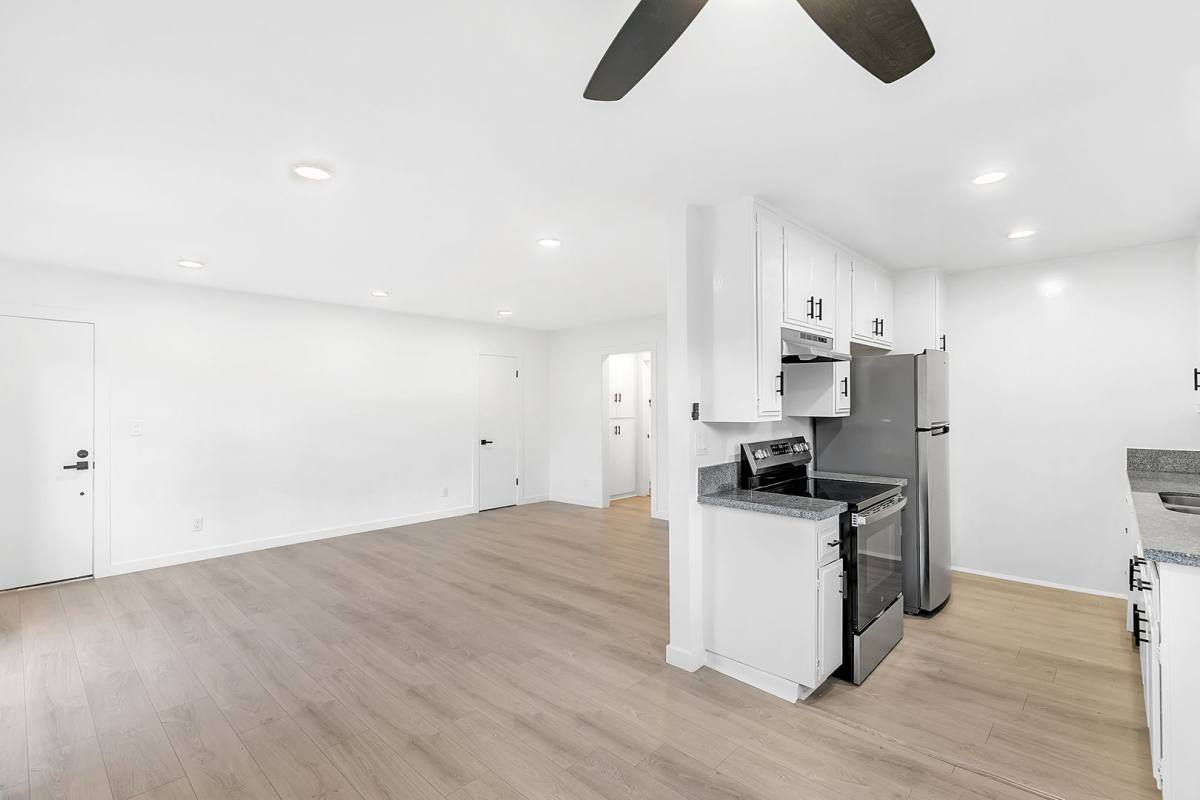 Apartment for rent at 10930 Palms Blvd, Los Angeles, CA 90034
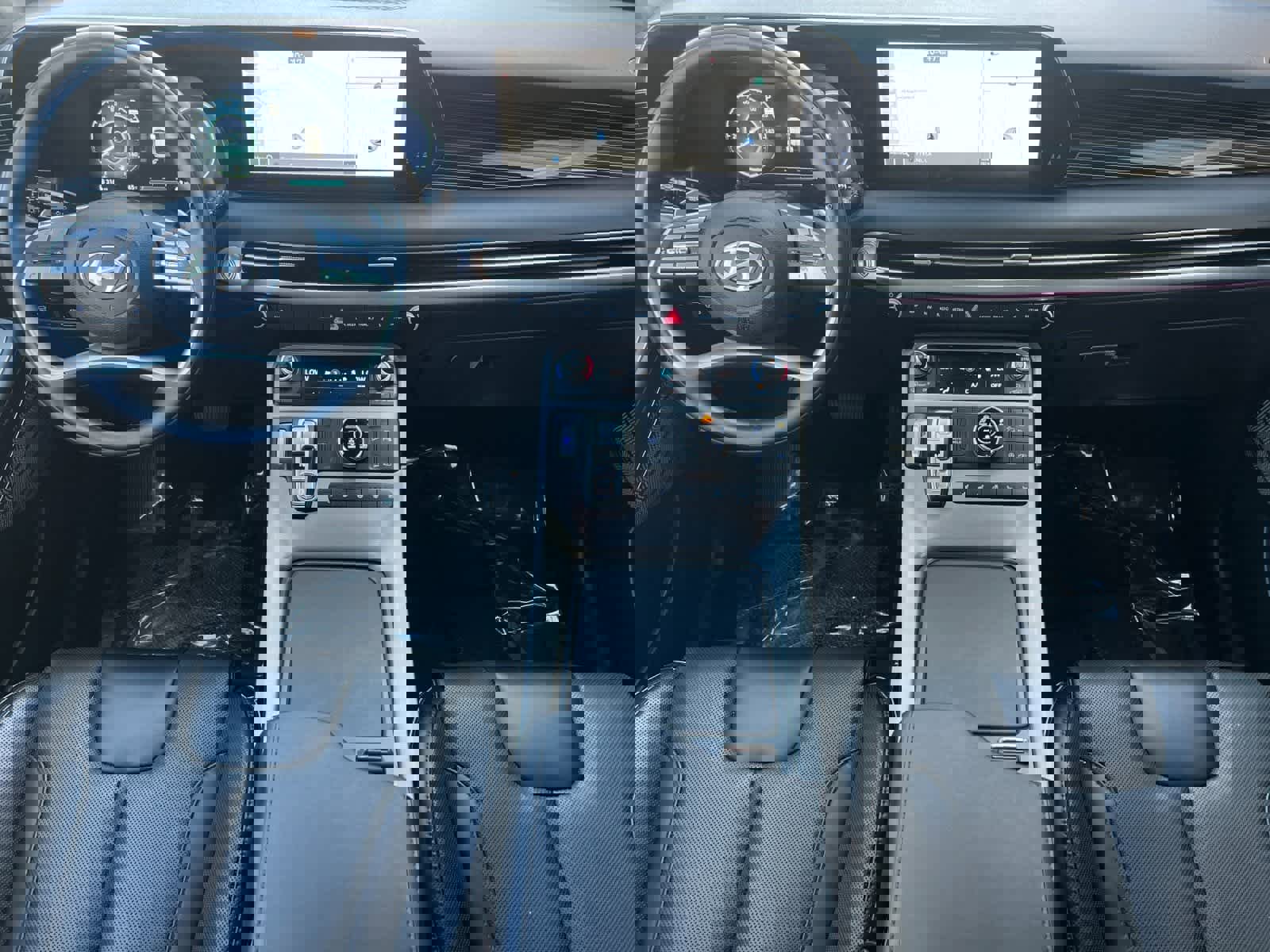 Used 2025 Hyundai Palisade Calligraphy image 4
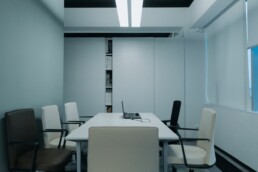 Bureau de direction : recherche de micros espions (dépoussiérage électronique)
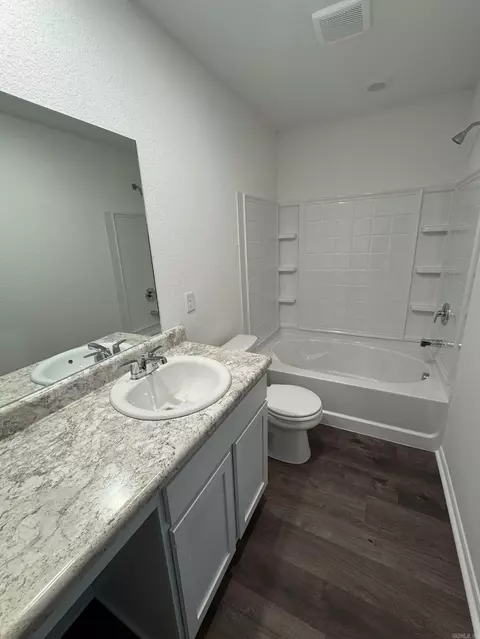 Bath - 101 Jasmine Ct, Beebe, AR 72012 photo 1 of 2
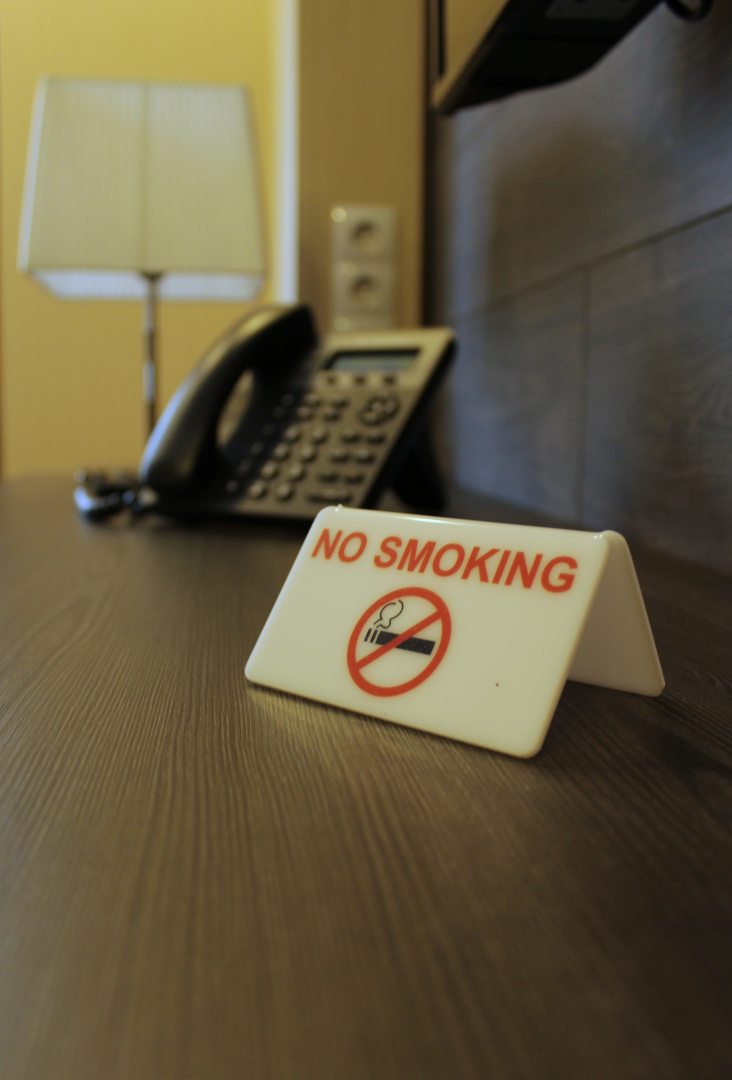 Курение на всей территории запрещено, Бизнес-отель Mister Goodman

▬▬▬▬▬▬▬▬▬▬

A word-for-word copy is needed of the lines from the line with "Bureau de direction" through the last line of the entries above, with both ends kept and the pictures dropped.

 Bureau de direction : recherche de micros espions (dépoussiérage électronique)
 Bath - 101 Jasmine Ct, Beebe, AR 72012 photo 1 of 2
 Курение на всей территории запрещено, Бизнес-отель Mister Goodman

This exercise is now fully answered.